Parallèlement à son travail de peintre, Piet Moget organise des expositions d’autres artistes. Il débute cette activité dès 1952 en Scandinavie où il expose les œuvres d’artistes européens contemporains. De 1956 à 1964, il organise «Les Rencontres» qui seront le premier pôle d’art contemporain créé en Languedoc-Roussillon. Ces manifestations rassemblent des œuvres de Geer van Velde, Bissière, Staël, Vieira da Silva, Estève, Lapicque, Lanskoy, Poliakoff, Tanguy, Léger, Les Cobra et bien d’autres. Il collabore également à la création de pôles d’art contemporain à Sérignan, à Béziers (expositions de Jacques Villon, J. Miró), au château de Jau, au musée Fabre de Montpellier, au musée Rigaud de Perpignan.

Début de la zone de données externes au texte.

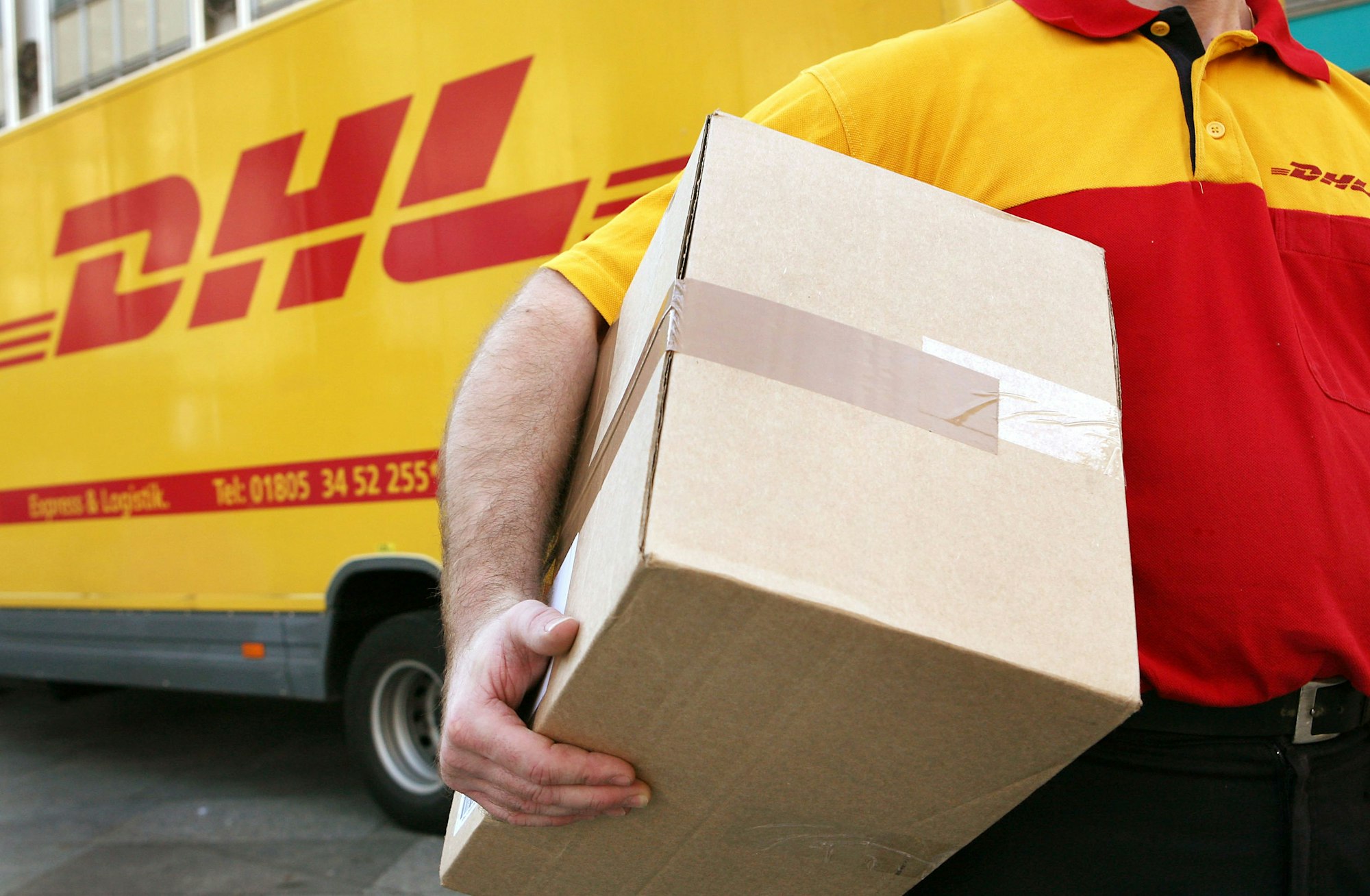 Ein Mitarbeiter des Paketdienstleisters DHL der Deutschen Post trägt ein Paket. Symbolfoto vom 12. November 2008.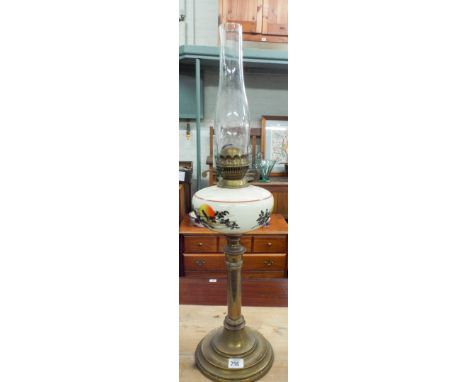 A Victorian brass column oil lamp with coloured glass bowl 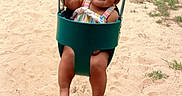 Skyelenna is registered to the contest to win money with this photo: toddler, child, swing, playground, sand, grass, smile, happy, outdoor, summer, yellow_chain, green_swing, footprints, tree, house, person, casual_clothing, baby, play, fun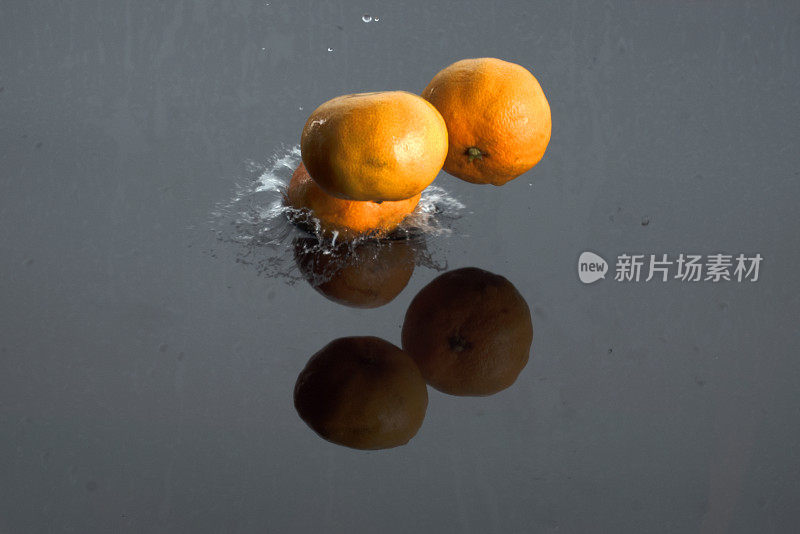 橘子掉进水里。水溅的背景。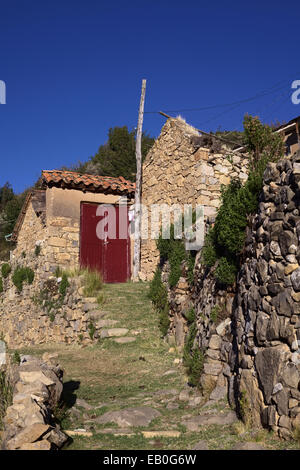 Alte Steinmauern, was zu einem roten Holztor in kleinen traditionellen Aymara Dorf von Sampaya am Titicacasee, Bolivien Stockfoto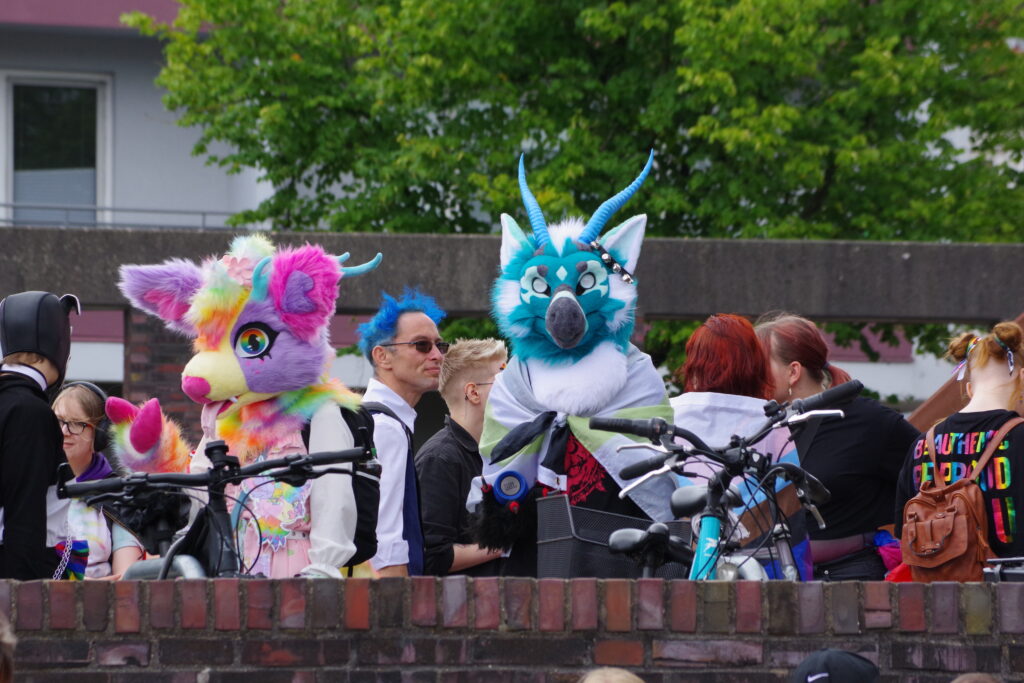 Two Furries in Bremerhaven, one a cute rainbow colour, the other a blue monster with horns.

En 1991, il fonde le L.A.C., au hameau du Lac sur la commune de Sigean dans un ancien chai transformé. Piet Moget va y installer cinq grandes salles consacrées à la diffusion de l’art contemporain, dans un cadre extrêmement dépouillé, à l’accrochage et à l’éclairage très sobres. Deux expositions ont lieu chaque année, au printemps et en été, parfois en automne autour de jeunes créateurs.